I'm aware that we can describe the time evolution of states/operators (choose your favourite picture) of non interacting quantum fields and that perturbation theory is very effective in computing S matrix elements between free states in the remote past and free states in the remote future. Clearly the non-perturbative description of what's going on at finite times, where the interaction is active is intractible, but my question is - are there simplified toy models (scalar electrodynamics ? reduced numbers of dimensions ?) where we can describe what's happening non perturbatively.
Even if nothing like electrodynamics has been treatable like this, any results on the other "textbook" QFTs (like $\phi^4$) would be interesting.
Answer
A lot is known about QFTs (including QED) at finite time.
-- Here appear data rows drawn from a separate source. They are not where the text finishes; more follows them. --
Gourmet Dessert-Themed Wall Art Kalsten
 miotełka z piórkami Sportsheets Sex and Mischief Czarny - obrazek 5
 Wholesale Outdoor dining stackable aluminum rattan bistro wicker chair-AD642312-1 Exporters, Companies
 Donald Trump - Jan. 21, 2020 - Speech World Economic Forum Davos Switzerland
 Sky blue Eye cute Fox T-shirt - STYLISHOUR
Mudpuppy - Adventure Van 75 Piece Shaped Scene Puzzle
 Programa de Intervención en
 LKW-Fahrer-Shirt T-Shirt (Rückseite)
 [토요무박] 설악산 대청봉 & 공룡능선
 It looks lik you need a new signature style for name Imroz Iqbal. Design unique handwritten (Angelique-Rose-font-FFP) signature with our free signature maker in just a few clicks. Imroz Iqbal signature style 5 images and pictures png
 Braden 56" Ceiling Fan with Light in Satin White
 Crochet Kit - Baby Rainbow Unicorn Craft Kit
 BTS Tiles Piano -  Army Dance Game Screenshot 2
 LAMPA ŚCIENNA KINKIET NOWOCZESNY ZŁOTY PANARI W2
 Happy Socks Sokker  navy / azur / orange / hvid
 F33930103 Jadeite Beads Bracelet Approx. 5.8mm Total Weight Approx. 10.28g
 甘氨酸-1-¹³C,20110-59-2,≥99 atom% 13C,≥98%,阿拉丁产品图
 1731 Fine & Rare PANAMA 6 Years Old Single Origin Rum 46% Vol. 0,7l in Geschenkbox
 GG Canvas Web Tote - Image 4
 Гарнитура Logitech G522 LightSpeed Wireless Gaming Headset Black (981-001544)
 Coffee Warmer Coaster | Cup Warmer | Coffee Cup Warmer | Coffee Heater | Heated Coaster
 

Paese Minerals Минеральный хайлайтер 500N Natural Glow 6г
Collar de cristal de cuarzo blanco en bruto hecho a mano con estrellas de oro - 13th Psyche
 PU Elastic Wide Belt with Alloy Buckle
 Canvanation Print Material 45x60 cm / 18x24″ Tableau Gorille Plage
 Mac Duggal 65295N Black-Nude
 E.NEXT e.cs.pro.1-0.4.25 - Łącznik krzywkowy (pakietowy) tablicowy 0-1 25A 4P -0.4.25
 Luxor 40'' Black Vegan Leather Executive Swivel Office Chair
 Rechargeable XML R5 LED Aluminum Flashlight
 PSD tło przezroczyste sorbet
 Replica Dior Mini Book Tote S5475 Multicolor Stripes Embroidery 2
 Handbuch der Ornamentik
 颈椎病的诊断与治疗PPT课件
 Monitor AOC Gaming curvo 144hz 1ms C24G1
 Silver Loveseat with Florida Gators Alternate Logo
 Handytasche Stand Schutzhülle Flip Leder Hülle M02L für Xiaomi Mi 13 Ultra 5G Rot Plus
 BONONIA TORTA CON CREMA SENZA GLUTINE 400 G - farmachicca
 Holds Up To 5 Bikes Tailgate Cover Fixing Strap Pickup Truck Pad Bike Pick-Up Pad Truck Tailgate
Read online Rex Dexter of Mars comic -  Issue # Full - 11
It is tractable approximately (just like scattering). though in 4D no rigorous treatment is available (neither is there one for scattering).
One can compute - nonrigorously, in renormalized perturbation theory - many time-dependent things, namely via the Schwinger-Keldysh (or closed time path = CTP) formalism.
For example, E. Calzetta and B. L. Hu, Nonequilibrium quantum fields: Closed-time-path effective action, Wigner function, and Boltzmann equation, Phys. Rev. D 37 (1988), 2878-2900. derive finite-time Boltzmann-type kinetic equations from quantum field theory using the CTP formalism.
There are also successful nonrelativistic approximations with relativistic corrections, within the framework of NRQED and NRQCD, which are used to compute bound state properties and spectral shifts. See, e.g., hep-ph/9209266, hep-ph/9805424, hep-ph/9707481, and hep-ph/9907240.
There is also an interesting particle-based approximation to QED by Barut, which might well turn out to become the germ of an exact particle interpretation of standard renormalized QED. See A.O. Barut and J.F. Van Huele, Phys. Rev. A 32 (1985), 3187-3195, and the discussion in Phys. Rev. A 34 (1986), 3500-3501,3502-3503.
Approximately renormalized Hamiltonians, and with them an approximate dynamics, can also be constructed via similarity renormalization; see, e.g.,
S.D. Glazek and K.G. Wilson, Phys. Rev. D 48 (1993), 5863-5872. hep-th/9706149
In 2D, the situation is well understood even rigorously:
For all theories where Wightman functions can be constructed rigorously, there is an associated Hilbert space on which corresponding (smeared) Wightman fields and generators of the Poincare group are densely defined. This implies that there is a well-defined Hamiltonian $H=cp_0$ that provides via the Schroedinger equation the dynamics of wave functions in time.
In particular, if the Wightman functions are constructed via the Osterwalder-Schrader reconstruction theorem, both the Hilbert space and the Hamiltonian are available in terms of the probability measure on the function space of integrable functions of the corresponding Euclidean fields. For details, see, e.g., Section 6.1 of J. Glimm and A Jaffe, Quantum Physics: A Functional Integral Point of View, Springer, Berlin 1987. In particular, (6.1.6), (6.1.11) and Theorem 6.1.3 are relevant.
[The above information was extracted from the Section ''Relativistic QFT at finite times?'' of Chapter B3: ''Basics on quantum fields'' of my theoretical physics FAQ at http://www.mat.univie.ac.at/~neum/physfaq/physics-faq.html ]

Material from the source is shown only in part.